I did find the writing style of the book a bit annoying. There are sentence fragments all over the place. It's not carelessly done - it's too consistent for that. It's just sort of deliberately informal, chatty. It wasn't a total obstacle - it was clear enough what the author was saying.
There were many fun references to our current social/political environment. That's a major theme of the book, the way that 15th Century Florence was the birthplace of our modern society. Of course any such hypothesis has to be simplistic to the point almost of absurdity. But the cartoon starkness of it makes it clearer. Maybe the reader will be motivated to study further, to fill in the subtleties. How was Luther different than Savonarola?
The tight relationship between money - banking - and politics: that's the core of it. How money has erased old family power. (There's one of those sentence fragments!)
Ah, there was a sentence in the book somewhere... in a productive economy, banks can make money by investing in productive enterprises.
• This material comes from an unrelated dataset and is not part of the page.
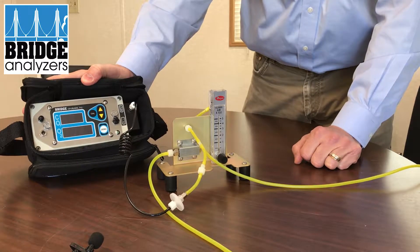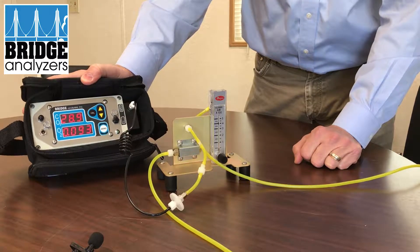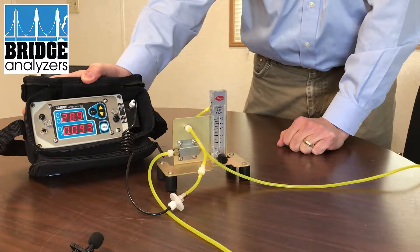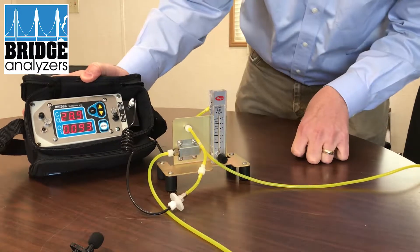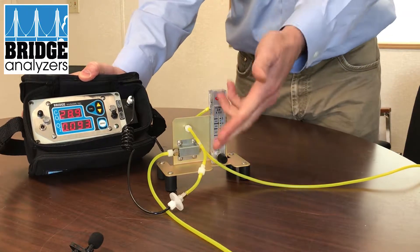What we have here is 30% CO2 balanced nitrogen. On the first test we're getting 29% CO2 and about 0.1% oxygen. So I can go back to the line and say I know we've got an analyzer that's reading properly.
When all the productivity has moved elsewhere, the only money to be made is by encouraging the powerful to overspend on grand gestures, military and otherwise. Definitely many pointed references to present circumstances, though not always clearly labeled as such!
My biggest complaint is that if this is supposed to be a non-fiction work, then a true bibliography and a notes section should have been included. Instead there is a "Bibliographic Notes" section where he gives his opinion of other works on the Medici.